Council blocks, tunnels and transport networks all contribute to a clearer comprehension of how things function. But this isn’t solely about why a dystopian metropolis has shat out ‘no entry’ signs and three-prong fences, it’s about the intrinsic curiosity of human nature: ‘what’s behind that door?’, ‘how do I get down there?’, ‘what’s up that ladder?’ Sometimes it’s just nice to know ‘what’s over there’ rather than allow your understanding of things to hit a brick wall of presumption.

It’s not only the rooftops that you’ll find Scott peeking over to double-check the resident caretaker isn’t on his tail or the police aren’t pulling up at the front door. It’s below the ground you’ll find him as well.

Tunnels

Subterranean escape.

 

Inherited from the Victorians, London’s underbelly consists of a multitude of hidden labyrinths and tunnels, many of which have been traversed by Scott and his merry band of modern day explorers.

While they don’t provide the same sweeping cityscape views, they’re deemed the veins of the city. Because they’re difficult to reach, the real Gs of Urbex are revered for entering them.

The way they’re accessed remains sacrosanct amongst the people who do it, as Scott informs me: “I guess it is quite nice knowing you’re one of the very few people to ever see this … not that anyone shouldn’t be able to see it.”

We continue to seek out more rooftops. As the day gets later, we find ourselves pushing our piece-of-shit bikes back to South London in a bid to go up one last tower block.

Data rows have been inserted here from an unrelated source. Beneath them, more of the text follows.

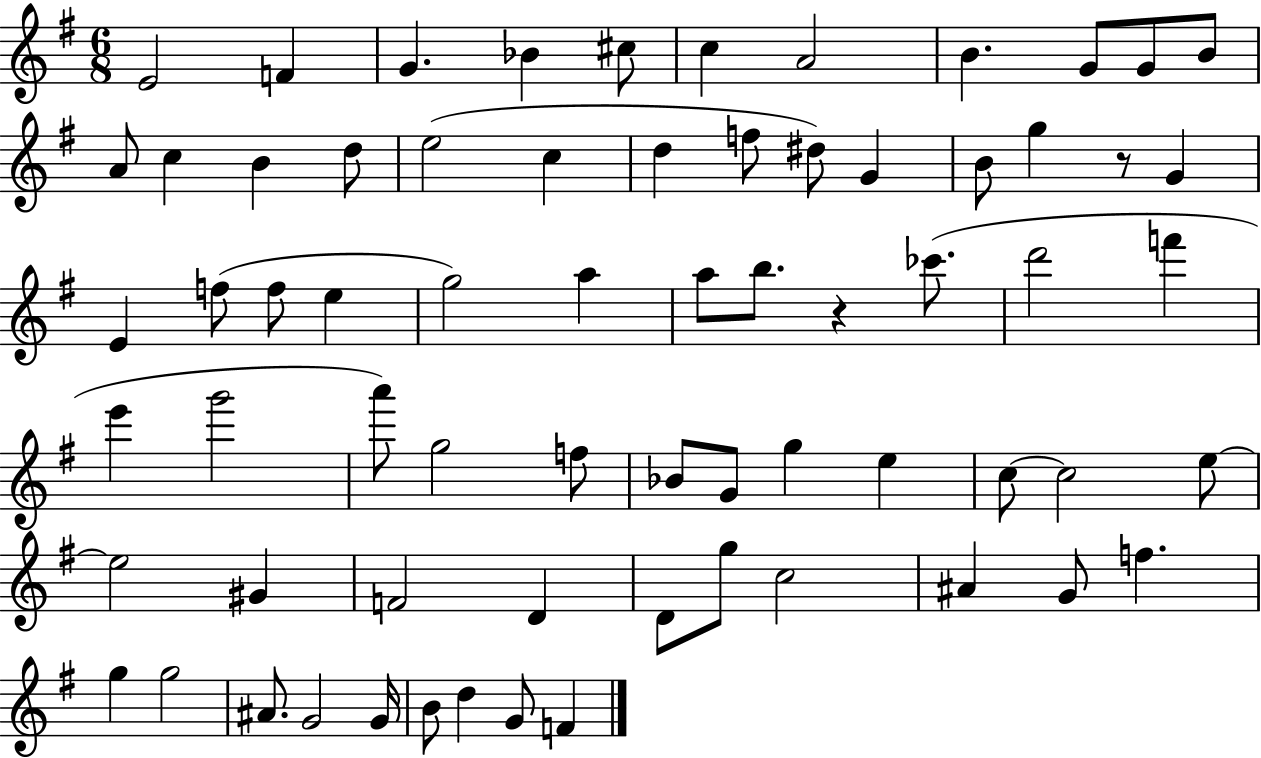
X:1
T:Untitled
M:6/8
L:1/4
K:G
E2 F G _B ^c/2 c A2 B G/2 G/2 B/2 A/2 c B d/2 e2 c d f/2 ^d/2 G B/2 g z/2 G E f/2 f/2 e g2 a a/2 b/2 z _c'/2 d'2 f' e' g'2 a'/2 g2 f/2 _B/2 G/2 g e c/2 c2 e/2 e2 ^G F2 D D/2 g/2 c2 ^A G/2 f g g2 ^A/2 G2 G/4 B/2 d G/2 F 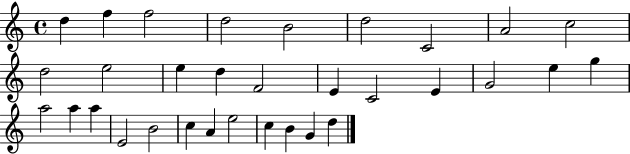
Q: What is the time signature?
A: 4/4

The highest yet that day, the view is expansive; the surrounding alleys and thoroughfares lit up by the tungsten street lamps; London’s glittered skyline resembling an air-sprayed hoodie you’d cop at a Puerto-Rican state fair.

The thing is that many of these high-rise blocks are slowly but surely being replaced with expensive inner-city pads. With the demolition of the Heygate Estate, the precedent has been set for an impending urban renewal.

The landscape of the city is changing and its oldest foundations are being closed off, but there remain those who will seek to explore its fabric come what may.

What makes Scott’s photographic work profound is the documentation of these places that are rarely witnessed, notwithstanding that in years to come will hold its validity as a record of the city’s architecture and the conditions of society that occupy it.

While you were sleeping.

London at night – Scott’s nocturnal panorama shows London from a rare viewpoint.

After half-an-hour of taking photos, absorbing the view (which was great apart from the semi-naked bald fellow we could see lavishly smearing marmite over his dinner in the adjacent apartment block) and discussing how joyous it would have been to have brought a laser pen with us, we locked up the doors on our way out and took the rickety, vandalised elevator back to the ground floor.

As we exchanged a few more anecdotes on casual trespass, security guard chases, abandoned mental hospitals and accidentally derailing a locomotive over a carton of guava Rubicon and a rollie, I observed the noise and franticness of life on ground-level compared to the peacefulness up there on the roof.

For the explorers, a crowbar or a pair of bolt-cutters doesn’t just break a fence or door; they break the cycle of everyday life and offer places that can provide peace in a rapid, unresting civilisation.

The time has come to bid farewell to my trusty locksmith-meets-Kerouac-meets-Ray-Mears compadre.

With one last toke and the ritual popping of the cardboard carton on the ground, we go our separate ways, the sound of spent wheels squeaking off into the concrete jungle.